その新しいバランス感覚は90年代後半の音楽シーンにはまったのだと思う。彼がシングル「ヒットチャートをかけぬけろ」でメジャーデビューした97年は、所謂“CDバブル”の真っ只中。シングル16枚、アルバム22枚のミリオンヒットが生まれ、その翌年にかけてCD販売枚数がピークを迎えている。安室奈美恵、globe、華原朋美ら小室哲哉プロデュースのアーティストが人気を博し、バンド勢はすでにブレイクしていたMr.Children、THE YELLOW MONKEY、JUDY AND MARYに続いてGLAY、L’Arc〜en〜Cielがヒットを飛ばした頃。
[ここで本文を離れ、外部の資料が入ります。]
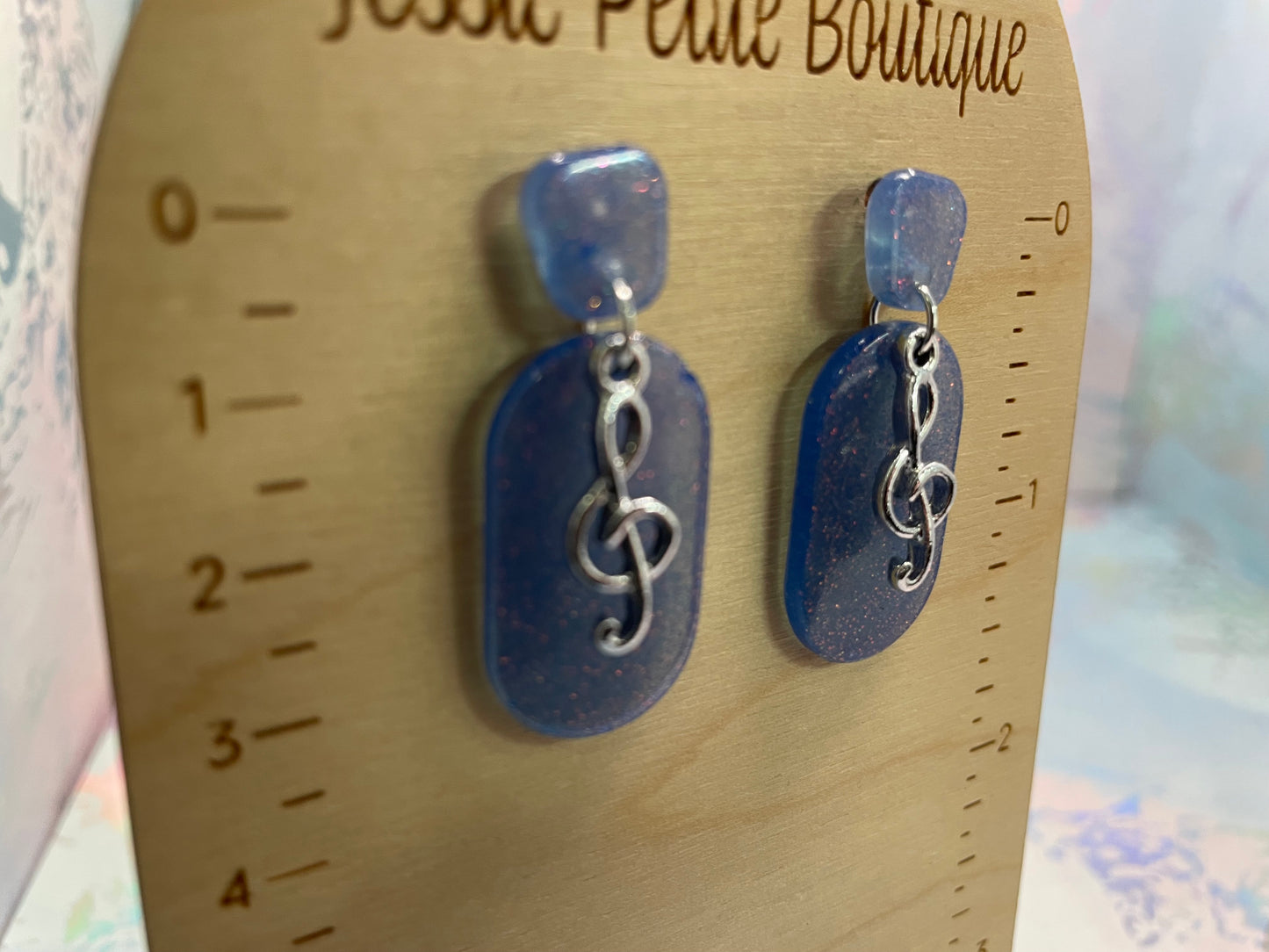 Boucle d'oreille ovale scintillante + clé de sol-Plastique/hypoallergénique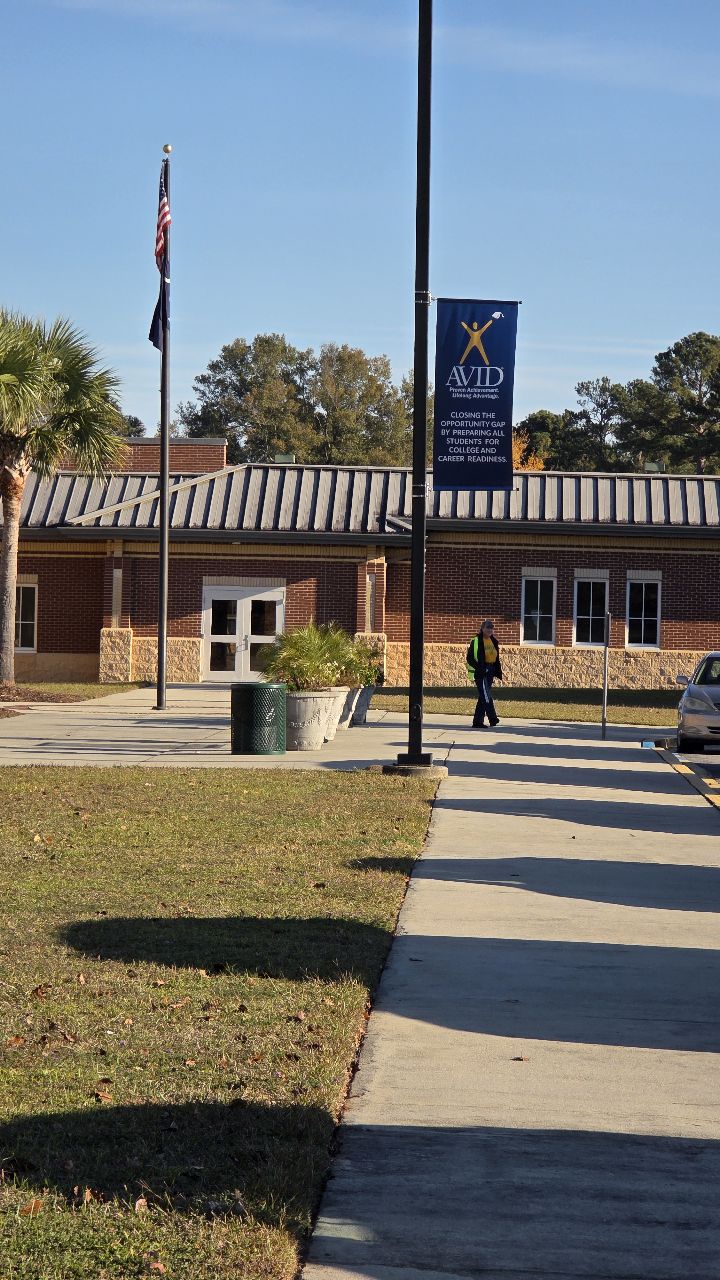 Fabric & Vinyl Outdoor Banners | K-12 School Signs & Displays | Hopkins, SC | Vinyl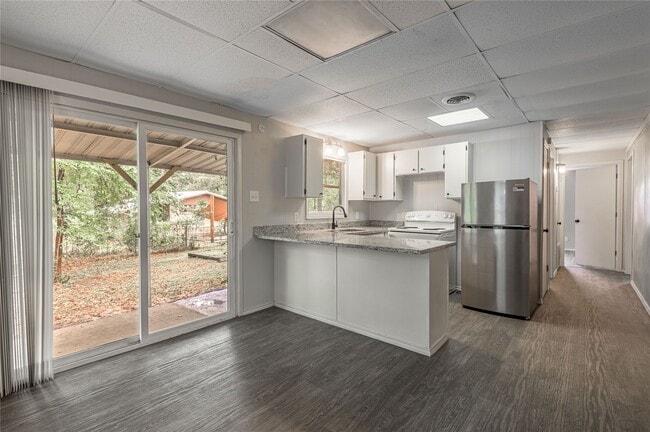 property at 299 Pine Harbor Dr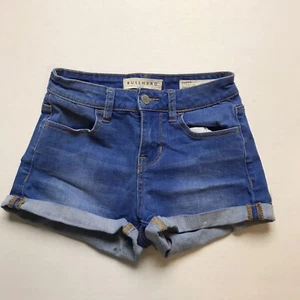 Pantaloncini jeans Bullhead Denim Co super elasticizzati corti lavaggio medio taglia 24 A1012 - Foto 1 di 3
Hi-STANDARDが初めて『AIR JAM』を開催したのも97年だし、Dragon Ashのメジャーデビューも同年だ。『フジロックフェスティバル』もこの年に始まっている。誤解を恐れずに言えば、キッズのための音楽≒ロックは潤沢に市場に投入されていたと言える。だが、リスナーは拳をあげながら聴く音楽を好む人たちばかりではない。そうではないリスナーは自然とそれとは別のものを指向していたに違いない。97年にLUNA SEAが活動を休止後、RYUICHIが河村隆一名義で発売したバンドとイメージの異なるソロ作品が、LUNA SEAを凌駕する勢いで売れたことがその証左ではなかろうか。その流れとまったく同じ原理とは言わないが、俗に言う“タテノリ”を嗜好しない人たちは、スガ シカオの音楽に興味を示したのではないかと想像する。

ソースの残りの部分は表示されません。